On Friday, December 19, 2003, at 01:30 AM, Arvind Narayanan wrote:
On Thu, Dec 18, 2003 at 09:58:13AM -0800, Daniel Mayer
wrote:
Erik wrote:
I feel that it is extremely tedious to have to
click around
many times and load many pages to get a complete
picture of an issue, a person etc.
There is little difference between clicking on a TOC link in a huge
article
than clicking on a link to another article.
For me there's a huge difference. My latency on wikipedia
is usually between 5 and 10 seconds. OTOH I have high bandwidth.
So I would greatly prefer to download a huge article at once.
Same here. At least. But for bigger articles, it's longer. I'd much
rather read a short article and load expanded information in the
background. I object to TOC entries, though, because the links have no
context. The beauty of wiki links (and html in general) does not lie
in TOCs or see-also's. It lies in the ability to connect information
logically through context.

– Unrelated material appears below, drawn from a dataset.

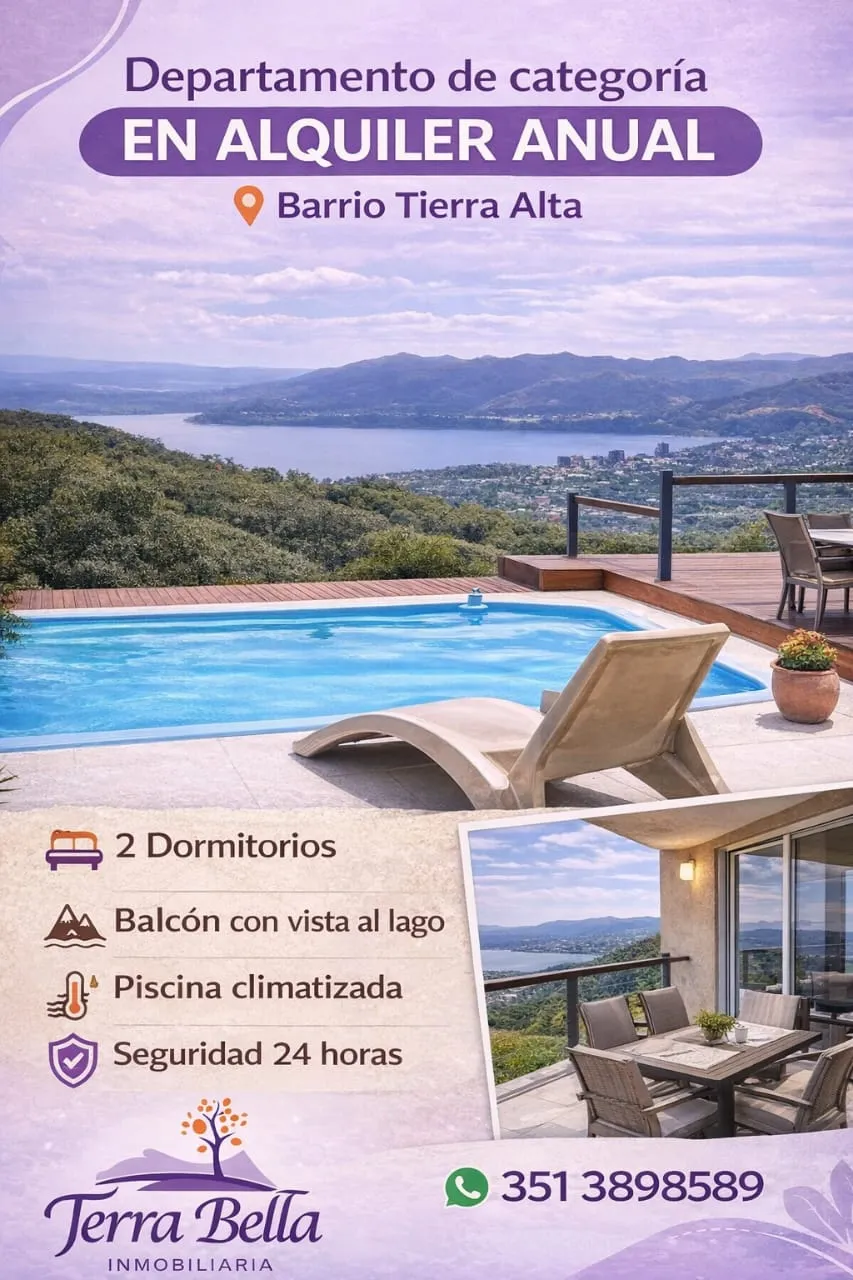 DEPARTAMENTO EN ALQUILER ANUAL VILLA CARLOS PAZ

If a single 'logical' entry is big enough
to bring up the issue of using smaller 'physical' entries---that is,
use a TOC entry with the equivalent of subpages containing sections
thereof---I think the size of the entry needs to be addressed. I don't
want to read that much in a single entry, and I certainly don't want to
edit it. And editing *across* multiple pages? Forget it, it's not
worth it, "Can't someone else do it?". That feeling hurts the wiki. A
lot.
If an entry gets to that size and detail, great, let's use the
information, but let's spread it out across a few entries, not just by
breaking it into pieces, but by separating it into multiple topics.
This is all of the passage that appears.